Trouxe o antigo periódico o seguinte registro do fato: “Uma comissão de pescadores esteve em Palácio, convidando S. Exa, o Sr. Governador, para assistir aos festejos que se realizarão na Capela de São Pedro, na Praia da Madre Deus, organizados pela Colônia de Pescadores”. O detalhe desta história é que o convite foi feito em julho, ou seja, em tese após a data alusiva ao santo – que normalmente é reverenciado a cada 29 de junho.

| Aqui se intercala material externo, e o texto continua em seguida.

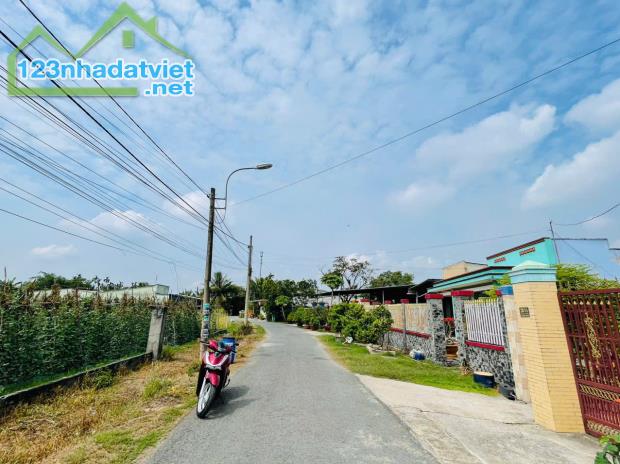 Bán Đất Mặt Tiền Số 16 Xã Tân Thông Hội, Diện Tích 329m2, Sổ Hồng Riêng - 1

Da Rampa Manoel Nina saía a travessia marítima
Entre 1949 e 1970, da escadaria da rampa Manoel Nina (às margens da Praia da Madre Deus), saíam as embarcações rumo às águas para, anualmente, homenagear São Pedro. Uma das construções mais conhecidas era o iate Paulo Afonso, cujo registro fotográfico constam nos arquivos de Herbert Santos. “Nesta época, a saída era da Madre Deus da procissão marítima com destino às águas. Depois, o cortejo voltava para a capela”, disse Herbert a O Estado.
Com a construção da barragem do Bacanga, no começo da década de 1970, houve uma mudança obrigatória do itinerário da procissão. Antes disso, os bois já davam o tom da festa e das homenagens a São Pedro.